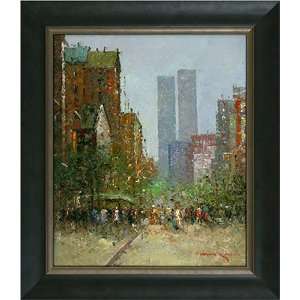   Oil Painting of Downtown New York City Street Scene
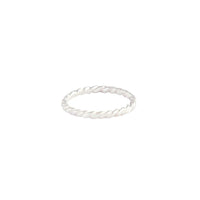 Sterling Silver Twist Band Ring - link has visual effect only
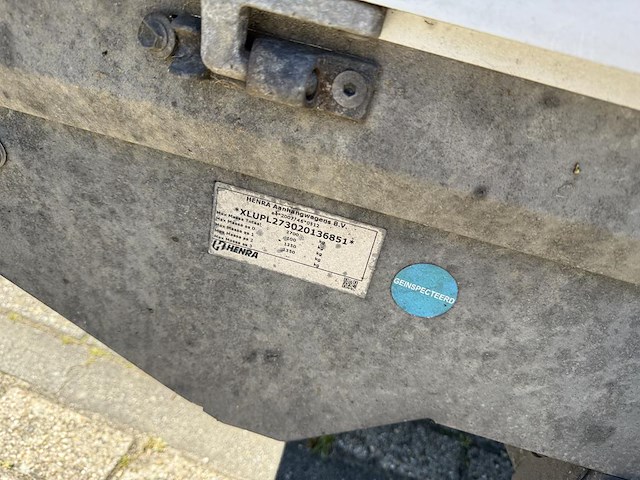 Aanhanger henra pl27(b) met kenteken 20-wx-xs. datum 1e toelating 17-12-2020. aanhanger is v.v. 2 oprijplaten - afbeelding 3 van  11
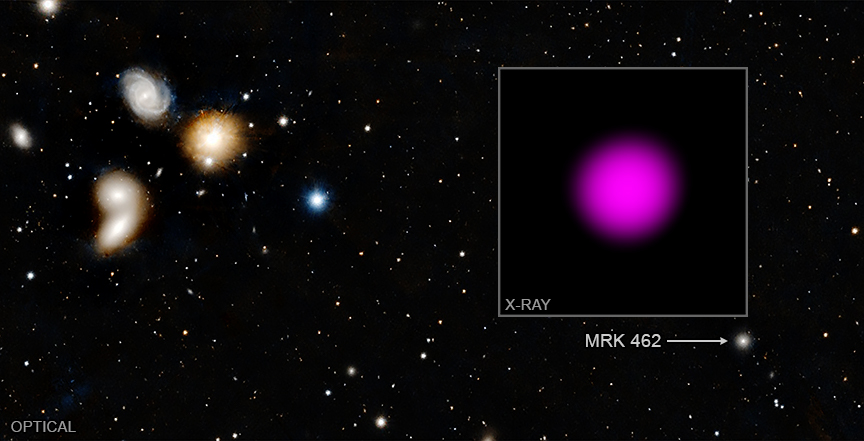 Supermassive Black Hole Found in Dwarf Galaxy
==
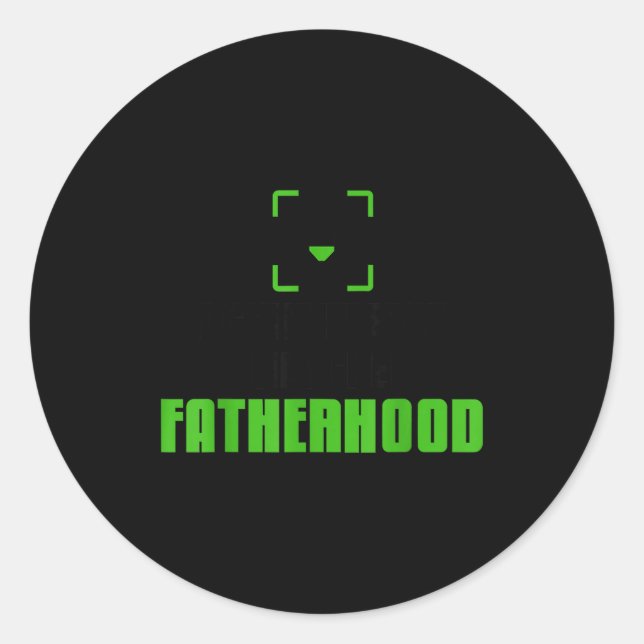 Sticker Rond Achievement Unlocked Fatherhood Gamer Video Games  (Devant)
==
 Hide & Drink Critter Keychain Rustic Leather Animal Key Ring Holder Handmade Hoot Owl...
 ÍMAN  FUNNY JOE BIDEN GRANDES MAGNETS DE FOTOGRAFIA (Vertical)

**EXERCISE AIM**
Would you please write out, exactly and with no other lines, the stretch of the listing above from the line containing "Hide & Drink" through the line containing "DE FOTOGRAFIA (Vertical)"?

**YOUR RESPONSE**
 Hide & Drink Critter Keychain Rustic Leather Animal Key Ring Holder Handmade Hoot Owl...
 ÍMAN  FUNNY JOE BIDEN GRANDES MAGNETS DE FOTOGRAFIA (Vertical)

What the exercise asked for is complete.